Riley knows that firsthand. His grandfather Fred competed for a Colored Hockey League championship with the Amherst Royals during the early 1900s. But the elder Riley was reluctant to discuss his experiences with his grandson, a burgeoning star in the local hockey scene.

“All he could tell me about the league was all of the doors that were slammed in their faces,” Riley recalls.

“I know he didn’t like to do that because he felt like that would deter me from reaching out and fighting for my goals.”

Discrimination and racism were a reality for the younger Riley, too, throughout a hockey journey that brought him through the Junior A and Junior A ranks in Nova Scotia, the British Columbia Senior Hockey League, the International Hockey League, the American Hockey League and eventually the NHL.

“There was certainly adversity,” he says. “Especially when you went out of town to play.

“There were a lot of things that happened and a lot of things that were said that I had to keep inside because I didn’t want to rock the boat for the Black kids behind me.”

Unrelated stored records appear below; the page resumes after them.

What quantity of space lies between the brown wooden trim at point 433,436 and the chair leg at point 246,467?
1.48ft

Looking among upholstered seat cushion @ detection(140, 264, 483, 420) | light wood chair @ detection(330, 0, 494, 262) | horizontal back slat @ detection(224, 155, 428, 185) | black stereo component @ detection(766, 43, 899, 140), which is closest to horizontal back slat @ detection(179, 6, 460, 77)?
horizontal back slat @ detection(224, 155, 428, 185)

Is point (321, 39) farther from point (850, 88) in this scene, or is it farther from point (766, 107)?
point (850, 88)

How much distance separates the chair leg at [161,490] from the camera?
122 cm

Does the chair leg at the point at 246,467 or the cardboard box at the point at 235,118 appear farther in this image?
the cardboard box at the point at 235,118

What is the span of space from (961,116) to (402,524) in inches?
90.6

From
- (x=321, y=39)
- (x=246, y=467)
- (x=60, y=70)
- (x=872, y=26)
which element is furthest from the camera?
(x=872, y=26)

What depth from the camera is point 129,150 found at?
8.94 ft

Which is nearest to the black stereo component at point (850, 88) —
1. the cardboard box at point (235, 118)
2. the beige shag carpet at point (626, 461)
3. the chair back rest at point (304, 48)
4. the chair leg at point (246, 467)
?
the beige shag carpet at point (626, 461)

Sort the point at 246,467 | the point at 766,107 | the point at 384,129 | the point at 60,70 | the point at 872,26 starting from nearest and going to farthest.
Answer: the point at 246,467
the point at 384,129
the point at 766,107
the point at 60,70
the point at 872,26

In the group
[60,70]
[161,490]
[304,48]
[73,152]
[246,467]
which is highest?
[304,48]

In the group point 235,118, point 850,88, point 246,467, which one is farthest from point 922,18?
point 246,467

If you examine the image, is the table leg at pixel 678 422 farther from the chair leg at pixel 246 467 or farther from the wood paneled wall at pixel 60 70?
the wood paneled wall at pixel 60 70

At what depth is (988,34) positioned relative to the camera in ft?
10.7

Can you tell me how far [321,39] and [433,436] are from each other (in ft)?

But even that racism and hate could not deter the hardworking and respected right-winger, who would spend parts of five seasons in the NHL with the Capitals and Winnipeg Jets, scoring 31 goals and adding 30 assists in 139 career games. 

He later captained the AHL’s now-defunct New Brunswick Hawks to a Calder Cup championship in 1982.

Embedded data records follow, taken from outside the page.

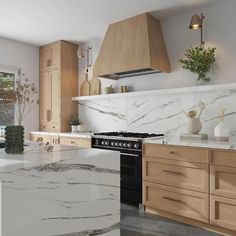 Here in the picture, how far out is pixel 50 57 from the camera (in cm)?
487

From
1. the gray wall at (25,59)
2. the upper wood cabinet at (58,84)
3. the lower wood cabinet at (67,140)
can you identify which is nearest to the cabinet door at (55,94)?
the upper wood cabinet at (58,84)

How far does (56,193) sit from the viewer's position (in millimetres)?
1447

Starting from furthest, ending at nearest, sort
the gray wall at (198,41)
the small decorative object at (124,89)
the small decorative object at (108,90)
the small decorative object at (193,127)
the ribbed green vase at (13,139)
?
1. the small decorative object at (108,90)
2. the small decorative object at (124,89)
3. the gray wall at (198,41)
4. the small decorative object at (193,127)
5. the ribbed green vase at (13,139)

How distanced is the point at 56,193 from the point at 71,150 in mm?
463

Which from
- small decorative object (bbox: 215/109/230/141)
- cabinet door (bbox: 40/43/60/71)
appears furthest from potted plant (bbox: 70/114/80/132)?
small decorative object (bbox: 215/109/230/141)

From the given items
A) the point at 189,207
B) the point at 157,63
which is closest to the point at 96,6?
the point at 157,63

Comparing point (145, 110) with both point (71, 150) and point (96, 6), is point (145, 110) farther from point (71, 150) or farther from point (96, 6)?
point (71, 150)

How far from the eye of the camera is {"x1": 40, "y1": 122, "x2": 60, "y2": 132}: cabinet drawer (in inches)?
186

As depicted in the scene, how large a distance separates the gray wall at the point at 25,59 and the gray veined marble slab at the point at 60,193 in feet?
11.3

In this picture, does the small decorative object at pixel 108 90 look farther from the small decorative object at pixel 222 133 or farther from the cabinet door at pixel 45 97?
the small decorative object at pixel 222 133

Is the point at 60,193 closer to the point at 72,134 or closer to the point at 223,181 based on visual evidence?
the point at 223,181

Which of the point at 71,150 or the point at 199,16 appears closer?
the point at 71,150

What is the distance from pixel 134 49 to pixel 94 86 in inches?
53.4

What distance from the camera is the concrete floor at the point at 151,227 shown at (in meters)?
2.58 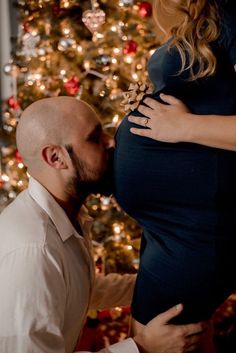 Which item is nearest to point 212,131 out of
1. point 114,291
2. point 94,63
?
point 114,291

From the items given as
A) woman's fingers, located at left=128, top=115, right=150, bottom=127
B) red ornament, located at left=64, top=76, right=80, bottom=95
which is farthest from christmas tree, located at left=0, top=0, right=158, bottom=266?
woman's fingers, located at left=128, top=115, right=150, bottom=127

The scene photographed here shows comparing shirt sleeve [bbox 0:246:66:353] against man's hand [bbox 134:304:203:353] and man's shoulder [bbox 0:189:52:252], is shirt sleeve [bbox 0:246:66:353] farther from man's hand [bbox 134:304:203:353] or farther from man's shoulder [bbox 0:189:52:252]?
man's hand [bbox 134:304:203:353]

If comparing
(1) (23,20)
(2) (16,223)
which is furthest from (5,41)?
(2) (16,223)

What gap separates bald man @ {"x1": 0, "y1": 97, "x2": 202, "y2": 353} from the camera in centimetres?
101

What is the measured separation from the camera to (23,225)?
1.10 meters

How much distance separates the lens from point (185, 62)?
1.03m

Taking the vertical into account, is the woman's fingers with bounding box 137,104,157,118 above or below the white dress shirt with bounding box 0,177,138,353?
above

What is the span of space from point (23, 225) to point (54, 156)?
0.19 m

Riley is proud, too, that he wasn’t the last talented Black player to come out of his old neighbourhood.

Amherst’s Craig Martin was drafted by the Winnipeg Jets in 1990 and Mark McFarlane, a Memorial Cup champion with the Swift Current Broncos in 1989, was a veteran of the minor league circuit.

“That’s unheard of because that’s three Black players who played pro that came out of one little neighbourhood in Amherst, and all three kids went through the Nova Scotia hockey system,” Riley says. 

“And we were all descendants of the Colored Hockey League.”

It’s a legacy that remains very important to Riley, a man who helped blaze the trail for the next generations of Black NHLers like Mike Grier, Anson Carter, Evander Kane and a favourite player of his who now plays for his childhood team.

“Man, I have got to tell you, I love Wayne Simmonds and I was so happy when Toronto got him.”

“I jumped up and hit my head on the ceiling when he scored his first goal with a Maple Leafs jersey on.”

This Saturday night, you can probably find William James Riley in the same place you could when he was a boy: in front of the TV. Like the Black community in Nova Scotia, his roots in the game run deep, and this weekend, yes, he’ll be rooting for his favourite team. 

But these days, it has taken on a little added meaning. These days, it might be about more than just a pair of pyjamas.